一方で構造化を取り入れている側の誤解は「構造化していれば全て良し」という面があることかもしれません。環境を構造化して安定していれば、何も変えないとか、ほとんどの活動を個別に取り組む設定にしていて、人との関わりや交流がほとんどないなどです。本人の能力の向上、スキル獲得、新しい行動の習得、発達の促進、般化、対人相互作用、コミュニケーションを考える時には、指導や療育が必要になります。 下の写真はミルクココア作りの1回目の構造化
下の写真は2回目の再構造化の写真です。
1つ例をあげると、1回目は、ココアの袋がそのまま置いてあり自分の力で開けるのが難しかったので、2回目は開けやすい容器に変えています。純粋に構造化のアイディアを適用すると、このような変更が再構造化であり、それで良いのです。
でも、皆さんはいろんな疑問がわいてくるでしょう。練習すれば、自分で袋を開けられるようになるのではないか?手の巧緻性を高めることも大事ではないか?できないことは誰かに援助を要求できた方が良いのではないか?
もちろん、そのような能力の向上は、大切な課題ですし取り組むべきです。しかしいろんな要素を1つの活動に組み込むと混乱を与えてしまうので、個別にスキルの獲得を教える場として、指導者と1対1で取り組む場を作って行います。
また他者と交流する場も作りますが、自由に関わる場だとトラブルばかり起こってしまうようだと、ある程度、枠組みのある活動や場面の設定が必要です。写真はトランプの神経衰弱を数人と大人と取り組む設定です。人と交流するためのルールは、遊びのルールとは別ですので、遊びのルールがわかっている中で社会性のルール(順番に行う、めくったカードを元に戻す、自分の札を見せないようにするなど)を取り組みます。
あと構造化の設定で活動に取り組む時に受講者が混乱することがあります。
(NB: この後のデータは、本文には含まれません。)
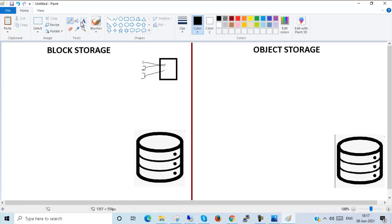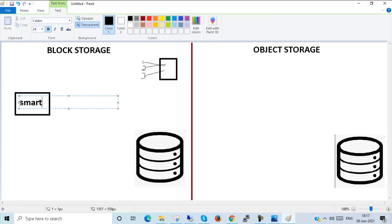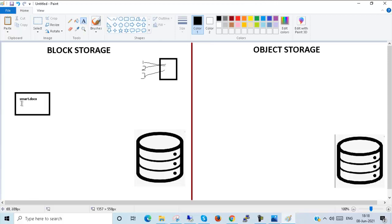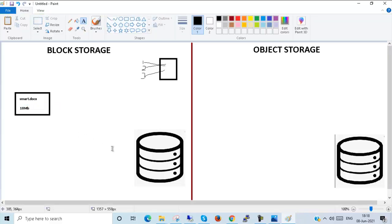Suppose I have a file — let's call it smart.docx. This is my file and I want to store it into my storage. Suppose my file size is approximately 10 MB. In block storage, what happens is the block storage device divides the whole data into evenly sized blocks, or data chunks.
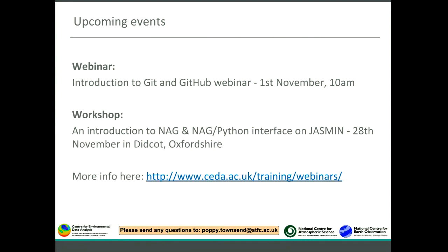Upcoming events: there is a webinar scheduled for 1st November on introduction to Git and GitHub — registrations are open. There is also a half-day workshop on 28th November on the introduction and use of the new re-engineered Python interface to call Numerical Algorithm Group libraries. More information at www.ceda.ac.uk/training/webinars.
1つは構造化してるので支援者は一切手を出さず、本人が困っていても傍観してしまうこと、もう1つはその逆で、本人が困っていないことでも、余計な声かけや手出しをしてしまい、本人の自立を無視して保護的に関わる場合です。
完璧に構造化を行い、本人もある程度、スキルや経験がある場合は、支援者が一切手助けしなくてもできることはありますが、それば稀で、低年齢のお子さんの場合は、初めて取り組むことに関しては指導が必要です。この時は、応用行動分析のプロンプト&フェイディングの考えが役立ちます。自立して取り組むことを教える場合に、特にプロンプトの中でも声かけ、言語指示、言語プロンプトは控えないといけません。それ以外の身体プロンプト、身振りプロンプト、モデリングなどを活用します。
構造化をする上でのポイントをまとめてみました
①本人の特性やスキル、置かれている環境のアセスメント
②アセスメントを基に環境の構造化を考えて実行する
③実行してうまくいないところは再構造化する
④自立を教える際にプロンプト&フェイディングを用いる、声かけを控える。